On July 16 2025 I had the chance to participate at the Memory Studies Association gala event sponsored by de Gruyter: Discussion with the Bulgarian writer Georgi Gospodinov led by Prof. Alison Landsberg at the Smetana hall in Prague. The event was attended by more than 1000 participants of the conference.
Gospodinov is one of my favourite writers. His books are most contemporary yet they manage to convey the hidden impacts of the socialist past like no other writer's book.
"You can't make a museum to preserve something that has never left," he writes in "Time shelter". His other novel "The Physics of Sorrow" tries to put into words something that in Bulgarian is described as тъга. It's more than sorrow.
Gospodinov made the audience to utter the Bulgarian word in order to feel how it feels and sounds in the back of your throat. He says: тъга stands for things that you have swallowed, places you never visited, things you never did or stories you were not allowed to tell. These are things you do not want to remember but they are still influencing you.
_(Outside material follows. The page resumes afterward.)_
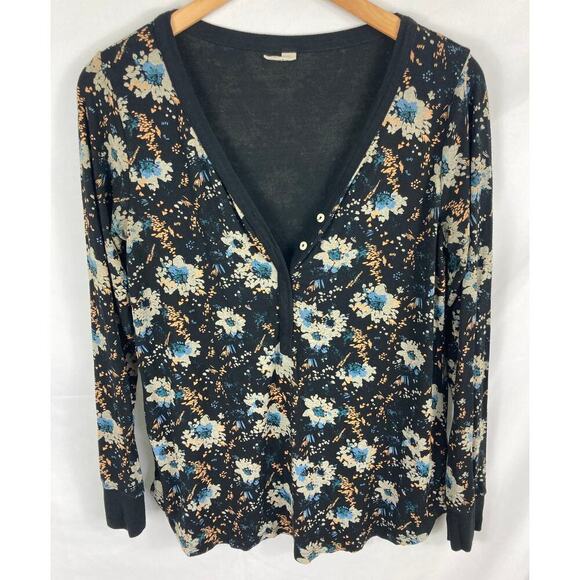 This is J V neck Floral bamboo top Size Small - Picture 1 of 5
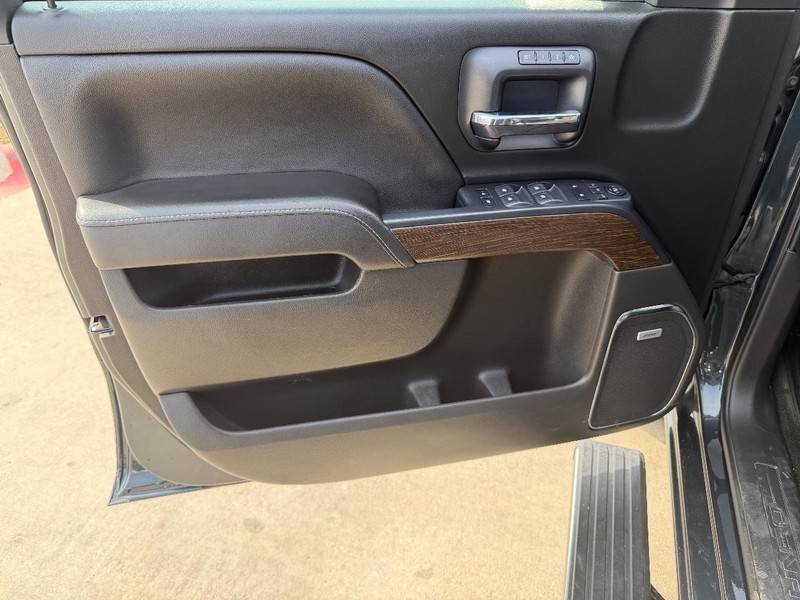 GMC Sierra 1500 Vehicle Full-screen Gallery Image 10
At the talk he said: "The unhappened things shape us more than happened things."
He also reminded us that the culture of silence that the post-socialist countries have all experienced can and has led to schizophrenic being.
Although being a nostalgic person himself Gospodinov warned about the chronostalgia, the longing for another (better) place. Because the personal past is irreversible (nobody can be 21 again) but the political past unfortunately can be reversed.
Writing is in his words believing in the future. "Literature is an antidote of propaganda. Storytelling postpones the end of the world. It creates empathy."
Next to discussing and making visible the past and the relationship to the past Gospodinov is excellent in drawing attention to the everyday, to the seemingly unimportant. He enjoys the movement between the small and the sublime, like he said. He is an antimonumentalist and that makes his stories most enjoyable. Because he tells the stories of each one of us.
If writing is believing into the future then literature could be a cure against the fear.